I precedenti di tali proposizioni si possono trovare in una polemica tra un favorito del re Enrico IV Borbone ed un gesuita, le cui opere furono criticate dall’Università di Parigi e fatte bruciare perché ritenute lesive della sovranità statale francese; anche sotto il Richelieu si tornò a discutere in proposito finché lo sfrenato orgoglio di Luigi XIV riaccese i contrasti. L’argomento principe avanzato dal Bossuet era questo:

“In dubiis libertas”, ossia l’infallibilità pontificia era ancora materia sub iudice e quindi si poteva dubitare di essa; la Santa Sede, a suo avviso, aveva ricevuto il dono dell’indefettibilità, che è un’altra cosa dalla precedenteprerogativa in quanto essa consente la possibilità di errore ma postula anche una successiva correzione. Come si vede, siamo al centro di problemi ecclesiastici, che soltanto più tardi ebbero una definizione dogmatica e che risentivano di tutto il pensiero sviluppatosi dal tempo dei Protestanti in avanti in una ricerca di equilibrio tre un sicuro ancoraggio e la libertà di giudizio, tra un accentramento uniforme e le opportune concessioni locali. Le infiltrazioni gallicane rimasero a lungo e largamente nell’ambiente francese, anche se non vi è dubbio che nella controversia i papi ottennero una bella vittoria morale sia di fronte al clero sia nei confronti del sovrano assoluto.

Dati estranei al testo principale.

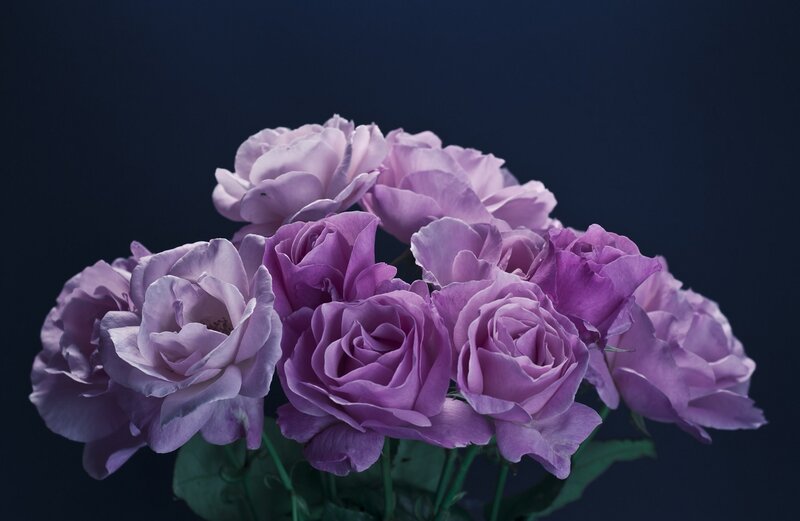 Bunch of Purple Roses — Dramatic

Luigi XIV infatti, sopravanzando le intenzioni dei partecipanti all’assemblea dell’82, i quali avevano volto soltanto esporre un parere, si affrettò a rendere obbligatori gli articoli gallicani con un editto ed a farli insegnare nelle scuole e nei seminari; il pontefice Innocenzo XI a sua volta si lamentò del comportamento reale e si rifiutò di elevare all’episcopato i prelati che gli erano stati proposti da Luigi se avevano partecipato a quella discussa assemblea. In breve tempo ben 35 sedi francesi rimasero vacanti ed il sovrano dovette cominciare a fare marcia indietro; il nuovo papa, Alessandro VIII pur mostrandosi molto conciliante, emanò prima di morire (1691) una costituzione in cui, senza entrare in merito alla dottrina esposta negli articoli incriminati, dichiarava nulle ed invalide le decisioni dell’assemblea. Allora il re cedette ancora, date anche le sue cattive condizioni politiche generali, ed Innocenzo XII ricevette una lettera di scuse dai pronosticati vescovi con il solenne impegno di non seguire le teorie gallicane; Luigi con un nuovo editto proclamò che la dichiarazione dell’82 non doveva più avere alcun valore legale! La Chiesa aveva vinto sul Re Sole!